— Work item —
The lines to extract begin at the line that contains "Night city park." and run through the last line of the listing; reproduce them exactly, minus any pictures.

──────────────────────────────

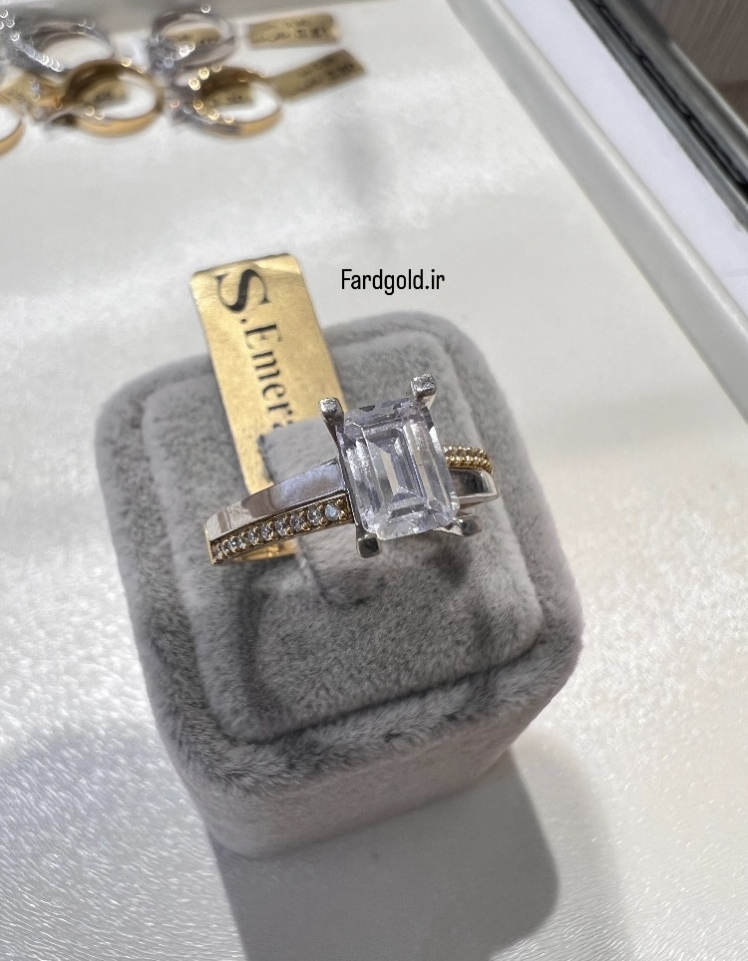 انگشتر طلا امرالد زرد طلای 18 عیار کد X60635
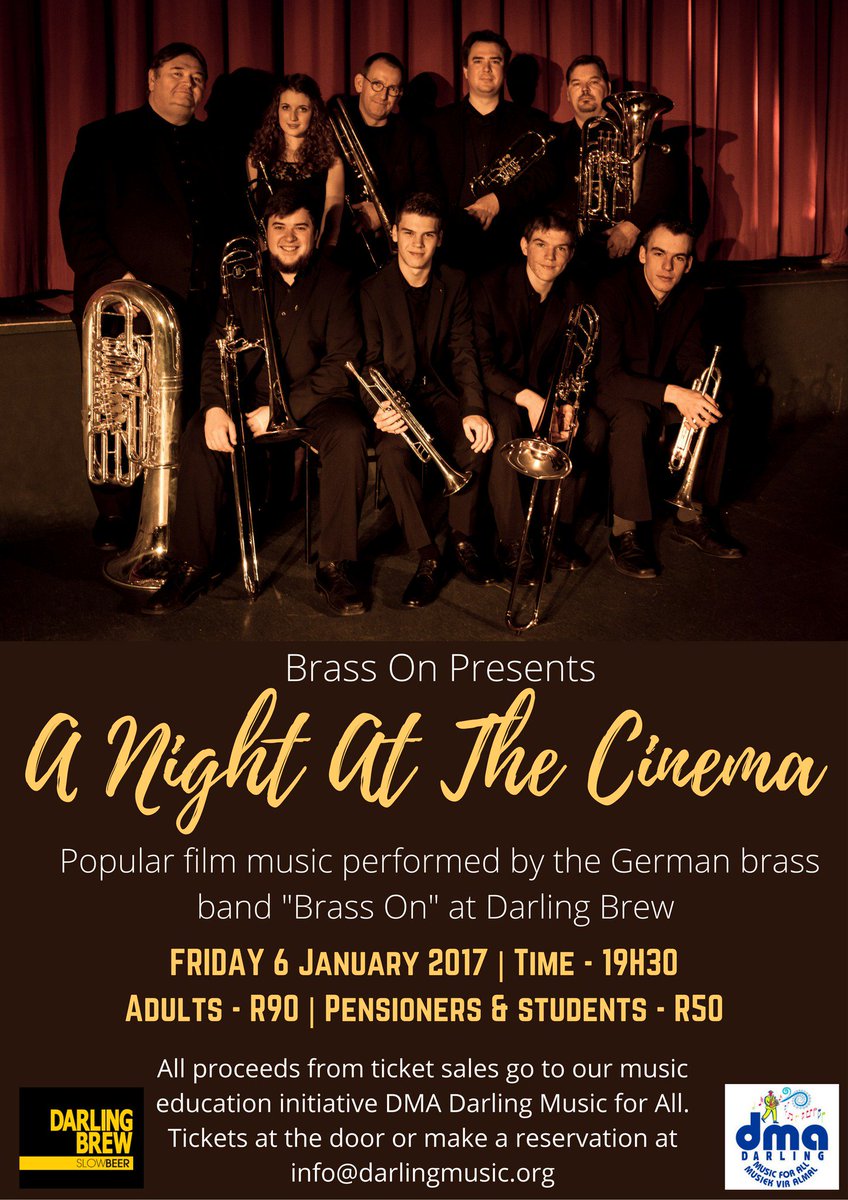 Join us at 'A Night at the Cinema' with BrassOn from Germany on Friday 6 January 🎷 #fundraising efforts supporting <a href="/DarlingM4A/">Darling Music 4 All</a> #music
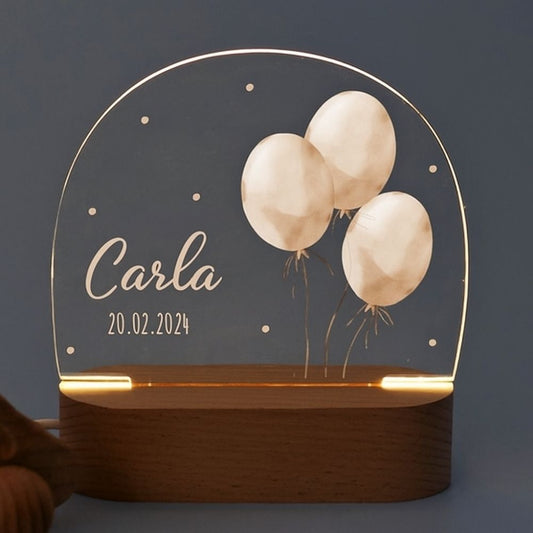 veilleuse bebe fille personnalisée avec ballon 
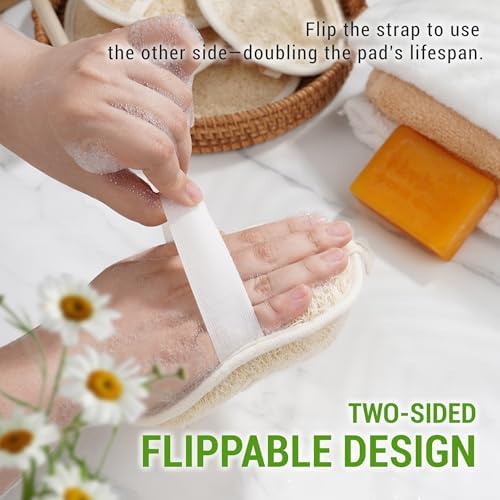 Natural Loofah Exfoliating Body Scrubber Pads for Bath and Shower - Image 5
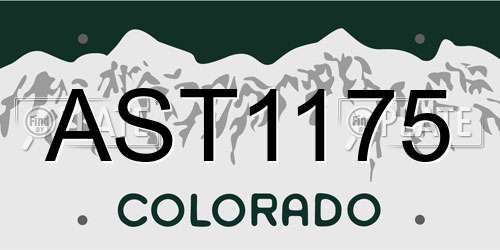 AST1175 Colorado License Plate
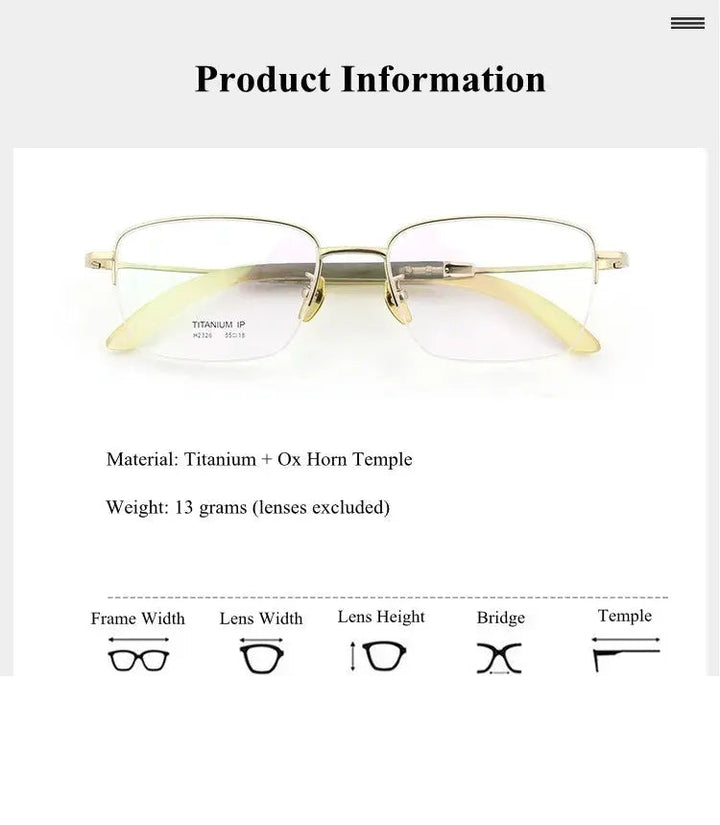 Chashma Ochki Unisex Semi Rim Square Titanium Horn Eyeglasses 312326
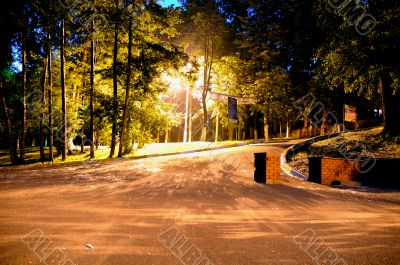 Night city park.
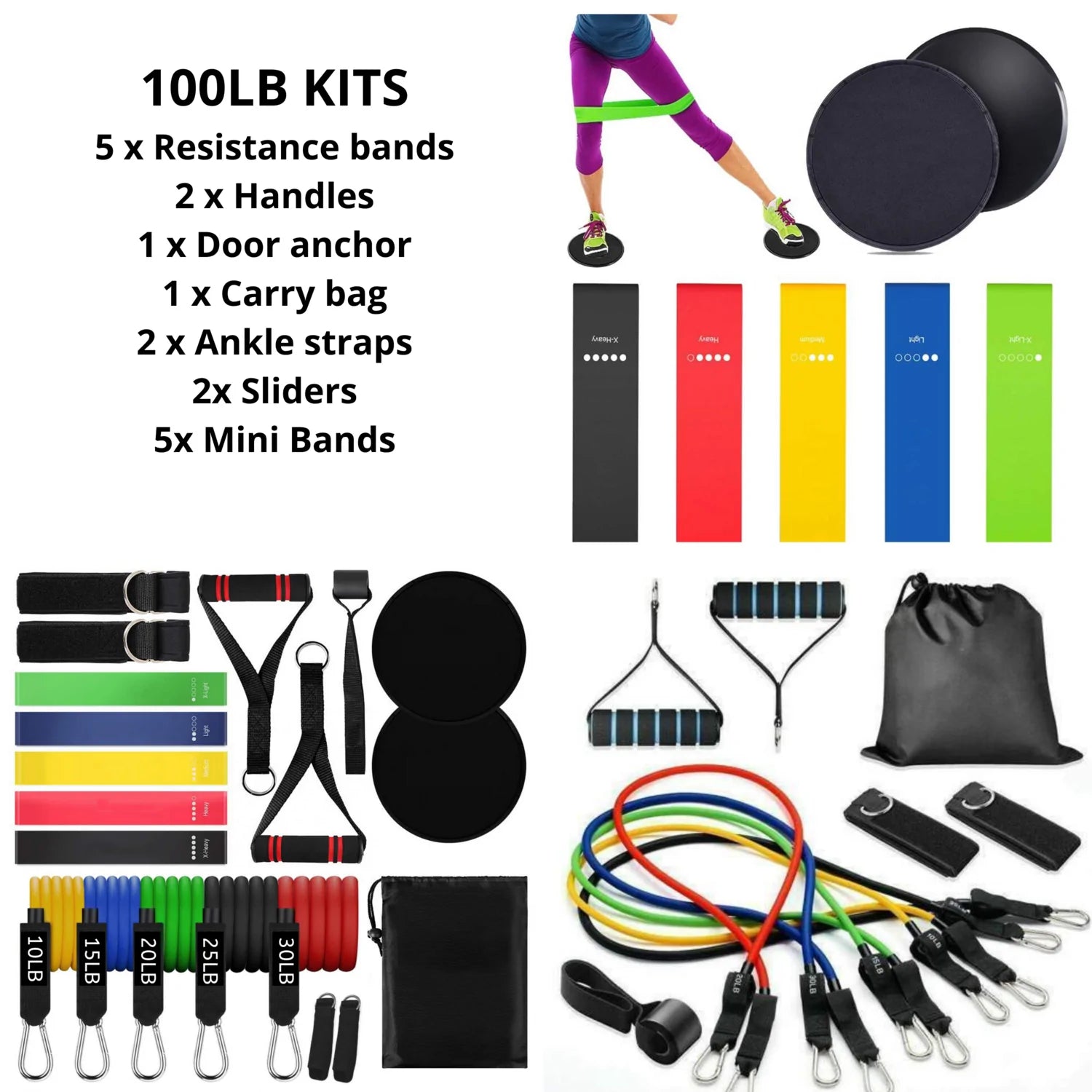 100LB Ultimate Resistance Band Kit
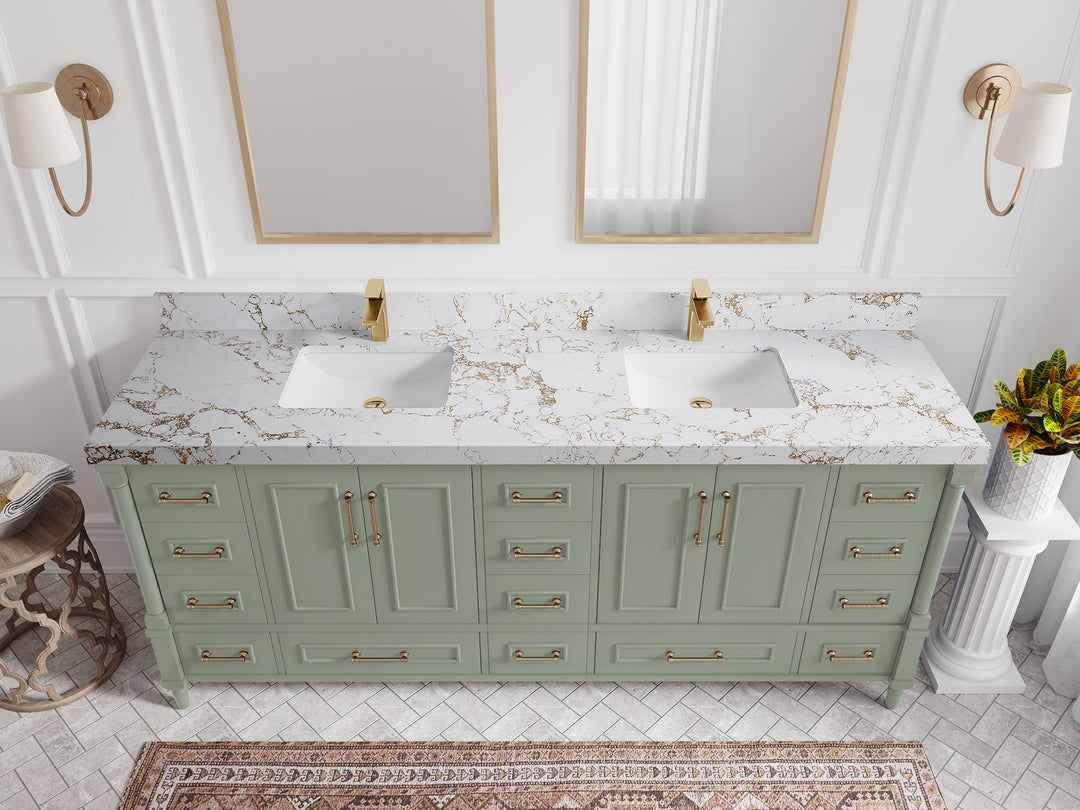 Aberdeen 80 in. W x 22 in. D Double Sink Bathroom Vanity in Evergreen with 2 in. Viola Gold Quartz Countertop - Top View 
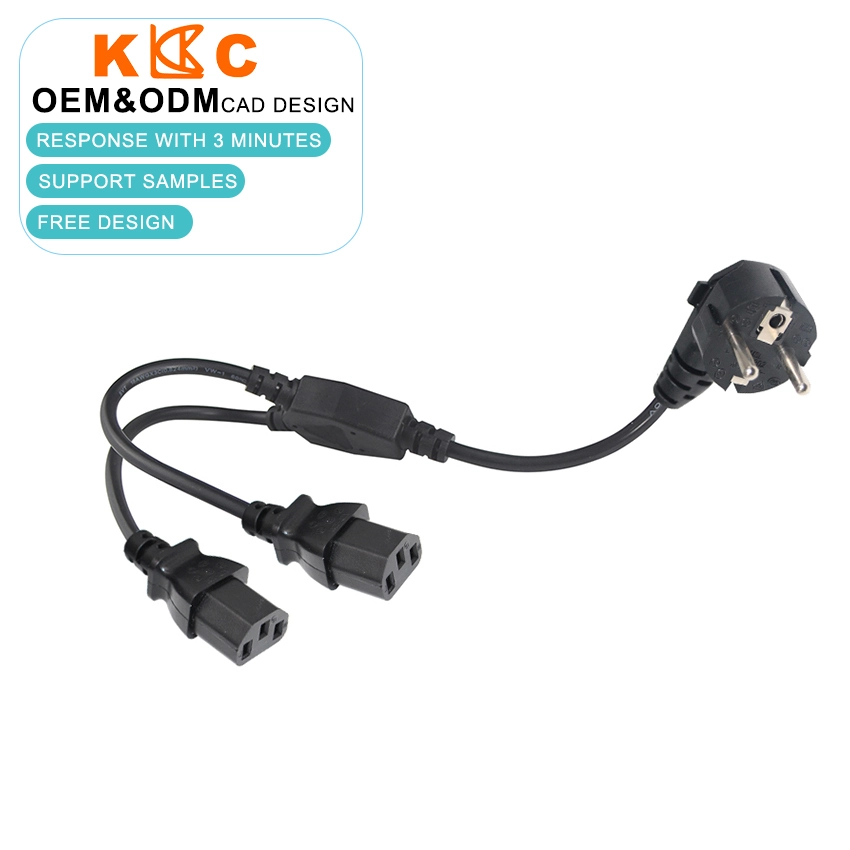 EU Schuko Plug to Dual IEC C13 Power Splitter Cord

──────────────────────────────

— Task answer —
 Night city park.
 100LB Ultimate Resistance Band Kit
 Aberdeen 80 in. W x 22 in. D Double Sink Bathroom Vanity in Evergreen with 2 in. Viola Gold Quartz Countertop - Top View 
 EU Schuko Plug to Dual IEC C13 Power Splitter Cord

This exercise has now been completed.